Les Alpes à vol d'oiseau avec un pionnier de la cartographie moderne

Parcourir les Alpes françaises du 17e siècle comme à vol d'oiseau: c'est le voyage entrepris par le musée de l'Ancien Évêché à Grenoble, qui expose des planches exceptionnelles de Jean de Beins (1577-1651), un des pionniers de la cartographie moderne.

Orphelin à 13 ans, soldat ensuite pour subvenir à ses besoins, le jeune Jean Beins - sans particule avant son anoblissement en 1619 - découvre les Alpes à 20 ans lors des campagnes militaires contre le duc de Savoie, sous les ordres de Lesdiguières, lieutenant-général du Dauphiné.

En ces temps de guerres de religion entre catholiques et protestants, la paix de Vervins (1598) offre un répit et Beins reprend ses études de mathématiques.

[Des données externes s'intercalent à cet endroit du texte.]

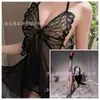 Lencería Sexy con Espalda Descubierta, Atractivo Camisón de Malla Transparente con Tirantes Halter de Mariposa, Conjunto Uniforme Puro Deseo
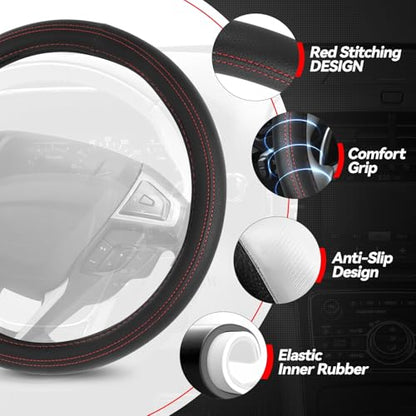 Auto Dynasty Car Steering Wheel Cover, Microfiber Leather Steering Wheel Covers Protector with Anti-Slip Inner Lining, Universal 14.5 to 15 Inch Car Interior Accessories, Red Stitching - color: Stitched Red B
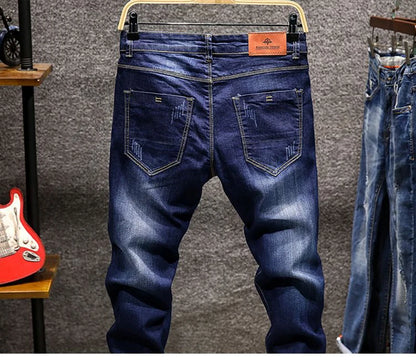 American Elastic Straight Jeans Men Ripped Worn-out Slim-fit Cotton Denim Pants Korean Style Fashion Blue Black Men's Clothing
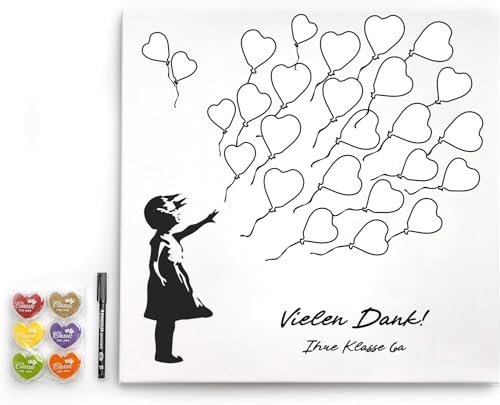 codiarts. personalisierte Leinwand für Fingerabdrücke | Party | Hochzeit | Jubiläum | Geburtstag | als Gästebuch mit Stempelkissen und Stift (Banksy Girl Ballons, 50 x 50 cm, Bespannte Leinwand)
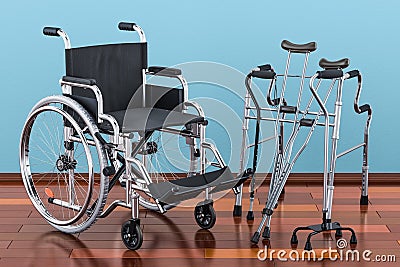 Wheelchair, walking frame and crutches on the wooden floor in th Stock Photo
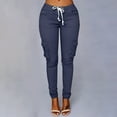 thumbnail image 1 of Kiplyki Trendy Pants for Women Plus Size Drawstring Solid Elastic Waist Pocket Loose Pants, 1 of 5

Puis vient la paix de Lyon (1601), qui met fin au conflit avec la Savoie. Il réalise ses premières cartes en 1604 comme commis d'un ingénieur du Roi.

"Les frontières bougent en cette époque. Henri IV demande à Sully une cartographie du royaume. Lesdiguières lance le projet en Dauphiné: ce sera la première représentation scientifique, rigoureuse, de cette province, avec un talent extraordinaire", explique Isabelle Lazier, conservatrice en chef.

Jean de Beins arpente les montagnes, gravit les sommets d'où le point de vue permet mesures et repérages, il consigne les vallées et les "pays" avec un trait sensible et une précision surprenante.

Il fera oeuvre de pédagogie auprès du roi, avide de comprendre ces nouveaux confins que la montagne alpine rend difficile à cerner. Il en avait lui-même mesuré les difficultés en se rendant sur place en 1600, lors de l'envahissement de la Savoie, se retrouvant bloqué au pied des cols en raison des mauvais chemins et de la neige.

Pour Stéphane Gal, chercheur en histoire moderne à l'Université de Grenoble Alpes, "le roi éprouve le besoin d'étudier l'espace par des documents visuels qu'il pourra consulter au Louvre". "Un peu comme la galerie des cartes du Vatican", souligne Mme Lazier.

"Toute l'oeuvre de Jean de Beins visait à répondre à cette nouvelle exigence du pouvoir, laquelle passait désormais par la visualisation de l'espace et la capacité de l'État à s'y projeter. Les caractéristiques, en somme, des nouveaux arts de gouverner et de mener la guerre moderne au Grand Siècle", analyse M. Gal.

Outre les cartes du Dauphiné, qui englobe les futurs départements de l'Isère, de la Drôme et des Hautes-Alpes, l'ingénieur militaire réalise aussi des cartes de siège contre des cités protestantes réfractaires, des profils de villes et des plans de forteresses.

Les cartes présentées sont issues principalement d'un recueil conservé à la British Library. Son périple des bureaux de Sully à la Grande-Bretagne, probablement à la fin du XIXe siècle, reste mystérieux. C'est un historien britannique qui l'avait exhumé dans les années 1960.